The protocol implements the [PyLipID analysis toolkit](https://github.com/wlsong/PyLipID) for calculation of lipid binding sites
and their associated kinetics. The pipeline also details how best to screen and rank PyLipID outputs, compare the relative kinetics of lipids at sites where densities are observed and refine lipid poses using atomistic simulations. Thus, the protocol serves to assess both the most likely identity of the lipid species accounting for a given density and the lipid fingerprint within a membrane environment.  

The [GROMACS  simulation software](https:www.gromacs.org) (version 2019) was used throughout however all versions > GROMACS 5 should also be compatible. 

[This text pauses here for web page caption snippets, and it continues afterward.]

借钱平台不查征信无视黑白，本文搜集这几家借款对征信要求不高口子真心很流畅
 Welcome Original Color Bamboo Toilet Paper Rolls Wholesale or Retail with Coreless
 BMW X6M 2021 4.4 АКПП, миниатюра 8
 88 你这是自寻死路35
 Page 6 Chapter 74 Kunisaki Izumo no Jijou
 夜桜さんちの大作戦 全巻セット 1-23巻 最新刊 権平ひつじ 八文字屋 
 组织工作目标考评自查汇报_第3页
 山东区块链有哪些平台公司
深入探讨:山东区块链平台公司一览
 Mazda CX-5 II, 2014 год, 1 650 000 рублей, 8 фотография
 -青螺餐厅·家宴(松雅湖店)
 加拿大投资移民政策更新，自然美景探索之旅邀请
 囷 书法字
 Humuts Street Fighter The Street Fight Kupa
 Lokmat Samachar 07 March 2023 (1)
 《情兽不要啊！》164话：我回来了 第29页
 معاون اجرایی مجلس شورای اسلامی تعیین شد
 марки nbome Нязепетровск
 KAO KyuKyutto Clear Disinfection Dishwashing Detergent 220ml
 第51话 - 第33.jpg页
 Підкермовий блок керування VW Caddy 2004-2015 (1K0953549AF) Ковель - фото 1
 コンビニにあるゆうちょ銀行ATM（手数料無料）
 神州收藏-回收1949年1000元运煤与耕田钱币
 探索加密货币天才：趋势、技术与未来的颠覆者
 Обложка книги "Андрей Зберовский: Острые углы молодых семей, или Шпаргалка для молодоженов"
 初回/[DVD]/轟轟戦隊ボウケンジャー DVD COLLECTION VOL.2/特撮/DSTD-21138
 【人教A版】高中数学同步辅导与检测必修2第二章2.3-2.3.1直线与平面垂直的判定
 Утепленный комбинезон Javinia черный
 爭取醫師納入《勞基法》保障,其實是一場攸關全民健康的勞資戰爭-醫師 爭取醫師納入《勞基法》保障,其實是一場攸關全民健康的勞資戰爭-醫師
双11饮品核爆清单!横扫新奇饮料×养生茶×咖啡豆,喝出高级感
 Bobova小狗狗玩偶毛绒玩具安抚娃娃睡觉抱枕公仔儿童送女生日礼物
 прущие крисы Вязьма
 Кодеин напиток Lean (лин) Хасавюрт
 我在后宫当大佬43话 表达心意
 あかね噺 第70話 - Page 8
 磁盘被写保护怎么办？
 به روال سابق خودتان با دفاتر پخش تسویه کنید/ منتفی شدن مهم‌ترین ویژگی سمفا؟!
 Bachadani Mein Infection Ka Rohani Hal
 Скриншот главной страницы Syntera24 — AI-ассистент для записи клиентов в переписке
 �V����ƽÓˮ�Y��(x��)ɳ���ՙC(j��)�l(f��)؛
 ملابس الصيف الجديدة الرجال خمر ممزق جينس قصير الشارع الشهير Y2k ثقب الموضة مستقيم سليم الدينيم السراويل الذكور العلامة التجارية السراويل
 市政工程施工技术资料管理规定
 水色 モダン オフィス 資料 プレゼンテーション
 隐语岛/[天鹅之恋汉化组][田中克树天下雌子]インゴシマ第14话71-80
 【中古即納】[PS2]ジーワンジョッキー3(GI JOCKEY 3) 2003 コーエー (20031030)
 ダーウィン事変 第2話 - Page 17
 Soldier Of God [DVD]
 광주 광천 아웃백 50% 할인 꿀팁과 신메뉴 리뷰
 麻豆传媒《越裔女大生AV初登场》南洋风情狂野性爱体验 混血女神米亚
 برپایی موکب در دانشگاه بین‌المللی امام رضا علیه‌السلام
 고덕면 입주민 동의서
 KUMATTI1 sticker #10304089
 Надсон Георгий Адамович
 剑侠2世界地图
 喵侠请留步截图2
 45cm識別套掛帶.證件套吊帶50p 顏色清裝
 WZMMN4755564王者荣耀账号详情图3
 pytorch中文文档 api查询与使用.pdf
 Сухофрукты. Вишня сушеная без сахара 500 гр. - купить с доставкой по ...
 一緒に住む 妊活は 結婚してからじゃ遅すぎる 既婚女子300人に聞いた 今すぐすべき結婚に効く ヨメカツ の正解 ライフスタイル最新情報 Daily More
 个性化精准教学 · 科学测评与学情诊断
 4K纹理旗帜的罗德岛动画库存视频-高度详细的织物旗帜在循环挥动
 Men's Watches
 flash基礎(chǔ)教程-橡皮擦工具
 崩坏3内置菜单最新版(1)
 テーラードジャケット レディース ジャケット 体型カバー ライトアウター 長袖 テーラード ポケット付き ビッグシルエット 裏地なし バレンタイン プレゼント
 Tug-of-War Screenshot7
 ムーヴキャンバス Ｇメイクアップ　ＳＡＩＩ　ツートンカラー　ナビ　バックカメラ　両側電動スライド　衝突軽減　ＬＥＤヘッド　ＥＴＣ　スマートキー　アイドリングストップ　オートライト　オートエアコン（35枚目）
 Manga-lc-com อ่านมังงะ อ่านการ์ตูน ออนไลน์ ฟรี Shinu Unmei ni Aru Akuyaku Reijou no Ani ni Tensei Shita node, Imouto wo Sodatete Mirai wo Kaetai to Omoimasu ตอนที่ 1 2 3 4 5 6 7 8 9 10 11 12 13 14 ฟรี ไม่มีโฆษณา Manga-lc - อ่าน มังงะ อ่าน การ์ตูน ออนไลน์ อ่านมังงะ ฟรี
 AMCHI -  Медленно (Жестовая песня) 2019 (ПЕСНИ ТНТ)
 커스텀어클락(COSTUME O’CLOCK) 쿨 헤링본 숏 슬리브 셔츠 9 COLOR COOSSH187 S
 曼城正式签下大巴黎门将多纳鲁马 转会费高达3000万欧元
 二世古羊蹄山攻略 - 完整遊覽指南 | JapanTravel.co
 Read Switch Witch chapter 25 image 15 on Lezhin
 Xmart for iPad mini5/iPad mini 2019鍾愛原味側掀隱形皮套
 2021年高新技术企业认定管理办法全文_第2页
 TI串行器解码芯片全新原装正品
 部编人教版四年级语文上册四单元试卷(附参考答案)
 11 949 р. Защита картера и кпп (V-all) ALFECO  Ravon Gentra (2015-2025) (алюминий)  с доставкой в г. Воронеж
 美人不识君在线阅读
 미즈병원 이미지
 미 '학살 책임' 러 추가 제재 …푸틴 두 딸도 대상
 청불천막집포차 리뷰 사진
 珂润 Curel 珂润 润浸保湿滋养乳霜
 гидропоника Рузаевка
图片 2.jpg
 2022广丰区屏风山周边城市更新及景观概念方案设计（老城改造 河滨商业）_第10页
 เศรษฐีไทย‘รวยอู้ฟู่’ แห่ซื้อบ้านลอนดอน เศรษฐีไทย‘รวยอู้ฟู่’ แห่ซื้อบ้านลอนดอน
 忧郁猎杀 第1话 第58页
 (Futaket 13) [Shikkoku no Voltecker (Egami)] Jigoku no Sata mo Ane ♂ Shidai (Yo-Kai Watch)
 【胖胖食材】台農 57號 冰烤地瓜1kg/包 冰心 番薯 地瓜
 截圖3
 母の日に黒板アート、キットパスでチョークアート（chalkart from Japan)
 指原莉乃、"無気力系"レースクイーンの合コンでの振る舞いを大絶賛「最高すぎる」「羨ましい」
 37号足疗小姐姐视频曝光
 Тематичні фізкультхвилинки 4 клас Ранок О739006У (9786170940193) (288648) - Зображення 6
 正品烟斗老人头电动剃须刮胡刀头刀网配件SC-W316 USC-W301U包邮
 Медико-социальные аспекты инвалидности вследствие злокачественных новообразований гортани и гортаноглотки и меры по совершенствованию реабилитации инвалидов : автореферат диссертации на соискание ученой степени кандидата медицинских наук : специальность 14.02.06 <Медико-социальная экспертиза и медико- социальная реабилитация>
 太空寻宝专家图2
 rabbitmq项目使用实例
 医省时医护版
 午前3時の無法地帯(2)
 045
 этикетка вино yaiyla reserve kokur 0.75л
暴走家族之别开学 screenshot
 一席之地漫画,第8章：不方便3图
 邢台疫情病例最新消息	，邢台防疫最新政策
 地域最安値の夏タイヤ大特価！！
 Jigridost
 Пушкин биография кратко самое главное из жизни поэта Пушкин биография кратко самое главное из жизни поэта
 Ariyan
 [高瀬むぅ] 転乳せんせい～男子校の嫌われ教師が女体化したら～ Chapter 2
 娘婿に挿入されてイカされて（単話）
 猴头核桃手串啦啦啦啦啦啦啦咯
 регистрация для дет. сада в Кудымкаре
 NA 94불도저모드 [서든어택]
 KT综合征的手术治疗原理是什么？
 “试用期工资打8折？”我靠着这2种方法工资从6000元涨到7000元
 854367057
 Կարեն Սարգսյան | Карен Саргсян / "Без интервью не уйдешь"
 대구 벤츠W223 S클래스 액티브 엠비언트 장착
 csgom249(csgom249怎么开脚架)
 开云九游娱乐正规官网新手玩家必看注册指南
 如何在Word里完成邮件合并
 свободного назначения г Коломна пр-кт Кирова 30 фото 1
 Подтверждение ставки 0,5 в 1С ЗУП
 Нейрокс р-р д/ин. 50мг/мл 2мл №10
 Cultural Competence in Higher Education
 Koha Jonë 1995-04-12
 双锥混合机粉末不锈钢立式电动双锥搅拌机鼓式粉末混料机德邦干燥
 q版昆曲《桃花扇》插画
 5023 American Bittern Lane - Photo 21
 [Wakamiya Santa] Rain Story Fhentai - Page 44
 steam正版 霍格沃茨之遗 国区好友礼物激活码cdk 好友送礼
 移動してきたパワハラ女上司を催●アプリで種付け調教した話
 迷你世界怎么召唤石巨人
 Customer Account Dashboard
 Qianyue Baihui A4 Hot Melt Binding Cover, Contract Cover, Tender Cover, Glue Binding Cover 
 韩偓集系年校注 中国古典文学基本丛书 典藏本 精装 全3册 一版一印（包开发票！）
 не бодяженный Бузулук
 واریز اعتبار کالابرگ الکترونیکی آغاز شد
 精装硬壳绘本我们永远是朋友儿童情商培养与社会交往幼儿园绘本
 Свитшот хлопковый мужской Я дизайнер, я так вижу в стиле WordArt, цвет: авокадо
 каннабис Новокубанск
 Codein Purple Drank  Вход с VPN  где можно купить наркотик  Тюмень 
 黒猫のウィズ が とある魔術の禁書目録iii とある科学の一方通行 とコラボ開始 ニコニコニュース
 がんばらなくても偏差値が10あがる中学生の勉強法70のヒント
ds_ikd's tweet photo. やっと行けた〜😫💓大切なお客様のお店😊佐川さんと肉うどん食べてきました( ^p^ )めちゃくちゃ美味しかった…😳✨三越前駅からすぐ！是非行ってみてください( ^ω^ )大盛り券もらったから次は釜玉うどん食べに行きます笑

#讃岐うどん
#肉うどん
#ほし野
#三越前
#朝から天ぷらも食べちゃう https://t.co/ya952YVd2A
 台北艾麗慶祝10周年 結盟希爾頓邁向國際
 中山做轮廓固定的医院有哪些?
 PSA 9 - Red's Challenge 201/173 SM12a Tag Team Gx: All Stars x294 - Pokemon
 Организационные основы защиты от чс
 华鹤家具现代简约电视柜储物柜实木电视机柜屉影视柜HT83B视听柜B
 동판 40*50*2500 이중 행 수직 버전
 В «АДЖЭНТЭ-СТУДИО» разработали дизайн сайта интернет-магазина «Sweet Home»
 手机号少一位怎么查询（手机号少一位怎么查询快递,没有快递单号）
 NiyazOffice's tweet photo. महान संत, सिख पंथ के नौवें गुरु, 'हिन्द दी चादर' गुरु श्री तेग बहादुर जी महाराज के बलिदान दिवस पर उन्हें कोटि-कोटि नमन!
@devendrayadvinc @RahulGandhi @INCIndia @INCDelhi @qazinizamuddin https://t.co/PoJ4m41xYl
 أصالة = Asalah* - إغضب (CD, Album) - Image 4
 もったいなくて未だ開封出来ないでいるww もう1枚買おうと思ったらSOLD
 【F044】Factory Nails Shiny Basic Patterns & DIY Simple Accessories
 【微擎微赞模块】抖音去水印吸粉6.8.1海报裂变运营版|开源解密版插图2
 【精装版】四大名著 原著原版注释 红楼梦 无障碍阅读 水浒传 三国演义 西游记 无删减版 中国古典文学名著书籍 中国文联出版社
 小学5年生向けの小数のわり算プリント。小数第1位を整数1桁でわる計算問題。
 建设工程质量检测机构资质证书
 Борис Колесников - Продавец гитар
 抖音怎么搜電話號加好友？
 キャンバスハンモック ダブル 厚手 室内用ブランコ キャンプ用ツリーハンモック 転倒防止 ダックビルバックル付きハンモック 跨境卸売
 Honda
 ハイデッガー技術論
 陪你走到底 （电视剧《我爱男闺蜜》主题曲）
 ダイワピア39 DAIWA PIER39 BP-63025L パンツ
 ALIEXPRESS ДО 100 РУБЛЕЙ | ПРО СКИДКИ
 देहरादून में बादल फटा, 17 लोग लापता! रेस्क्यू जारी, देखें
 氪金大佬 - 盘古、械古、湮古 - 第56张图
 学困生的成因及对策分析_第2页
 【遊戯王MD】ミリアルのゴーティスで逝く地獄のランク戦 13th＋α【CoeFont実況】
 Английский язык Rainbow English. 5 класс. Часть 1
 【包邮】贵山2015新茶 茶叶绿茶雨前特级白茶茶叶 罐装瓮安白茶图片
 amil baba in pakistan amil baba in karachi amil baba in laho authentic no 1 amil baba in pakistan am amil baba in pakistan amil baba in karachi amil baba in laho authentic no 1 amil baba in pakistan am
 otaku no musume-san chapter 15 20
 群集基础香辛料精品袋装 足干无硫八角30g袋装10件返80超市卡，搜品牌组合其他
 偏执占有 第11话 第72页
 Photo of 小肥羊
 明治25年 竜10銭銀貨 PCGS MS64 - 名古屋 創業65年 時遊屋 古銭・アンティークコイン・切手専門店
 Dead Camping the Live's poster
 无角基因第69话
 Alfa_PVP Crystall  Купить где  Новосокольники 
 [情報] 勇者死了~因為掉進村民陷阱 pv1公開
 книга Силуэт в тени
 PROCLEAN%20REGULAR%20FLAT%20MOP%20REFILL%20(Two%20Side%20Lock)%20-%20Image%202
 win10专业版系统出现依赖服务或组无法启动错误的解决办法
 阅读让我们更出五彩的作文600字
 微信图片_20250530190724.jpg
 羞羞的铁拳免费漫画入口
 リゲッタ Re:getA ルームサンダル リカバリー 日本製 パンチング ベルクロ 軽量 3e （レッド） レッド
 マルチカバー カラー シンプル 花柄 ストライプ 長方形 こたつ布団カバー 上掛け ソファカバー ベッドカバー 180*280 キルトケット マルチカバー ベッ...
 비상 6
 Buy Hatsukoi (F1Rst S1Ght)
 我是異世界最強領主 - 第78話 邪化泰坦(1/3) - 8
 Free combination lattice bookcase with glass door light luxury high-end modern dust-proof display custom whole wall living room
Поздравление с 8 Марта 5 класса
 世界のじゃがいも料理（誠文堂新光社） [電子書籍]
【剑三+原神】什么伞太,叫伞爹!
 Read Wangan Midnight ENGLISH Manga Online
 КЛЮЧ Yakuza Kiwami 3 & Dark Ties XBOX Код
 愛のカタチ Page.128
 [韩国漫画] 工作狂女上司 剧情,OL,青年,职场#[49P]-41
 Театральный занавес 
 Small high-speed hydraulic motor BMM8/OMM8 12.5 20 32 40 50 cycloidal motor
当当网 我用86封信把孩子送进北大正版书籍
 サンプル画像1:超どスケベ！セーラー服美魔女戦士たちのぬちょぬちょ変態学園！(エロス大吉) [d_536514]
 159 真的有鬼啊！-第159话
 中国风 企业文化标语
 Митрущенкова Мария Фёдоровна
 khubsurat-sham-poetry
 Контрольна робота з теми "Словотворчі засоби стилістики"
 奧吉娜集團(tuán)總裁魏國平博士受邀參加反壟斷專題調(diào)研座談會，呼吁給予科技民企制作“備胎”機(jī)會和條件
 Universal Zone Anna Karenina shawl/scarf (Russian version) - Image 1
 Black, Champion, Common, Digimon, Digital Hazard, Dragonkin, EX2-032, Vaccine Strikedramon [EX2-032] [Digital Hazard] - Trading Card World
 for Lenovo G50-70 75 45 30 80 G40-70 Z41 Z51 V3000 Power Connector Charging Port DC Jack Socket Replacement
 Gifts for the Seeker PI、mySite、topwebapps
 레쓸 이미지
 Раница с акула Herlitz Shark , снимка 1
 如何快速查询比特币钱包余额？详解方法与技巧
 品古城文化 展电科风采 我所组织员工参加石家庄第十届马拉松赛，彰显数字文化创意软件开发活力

#### The protocol code can be decomposed into numbered stages corresponding to:

1. Setting up and performing coarse-grained simulations
2. Testing PyLipID cut-off values
3. Selecting PyLipID input parameters and running PyLipID analysis
4. Screening PyLipID data
5. Ranking site lipids
6. Setting up atomistic simulations to refine lipid poses

Within each subsection the code split into a list of **'USER DEFINED VARIABLES'** and the associated **'CODE'** for that section.

While the protocol establishes inputs needed for coarse-grained or atomistic simulations (i.e. `.tpr` files for gromacs) the simulations should be run by the user. Simulations may be run simulations locally or offload to a high performance computing facility, cluster or cloud computing network. Sections corresponding to simulation productions runs are marked by **'PAUSE POINT'**. Once simulations have reached completion the pipeline can be resumed to analyse and process data.



## Citation
Please cite the following if elements of this protocol are used in research:
[**ADD CITATION **]()

In [None]:
import os
import protocol
import protocol.system_setup
import protocol.process_structure as pps
import protocol.simulation as ps
import protocol.test_PyLipID_cutoffs as lip_test
import protocol.run_PyLipID as lip_run
import protocol.screen_PyLipID_data as lip_screen
import protocol.rank_sites as rs

Establish paths to be used throughout the protocol. 

In [None]:
protocol_path=os.path.dirname(protocol.__file__)
path=protocol.system_setup.setup(protocol_path, save_dir)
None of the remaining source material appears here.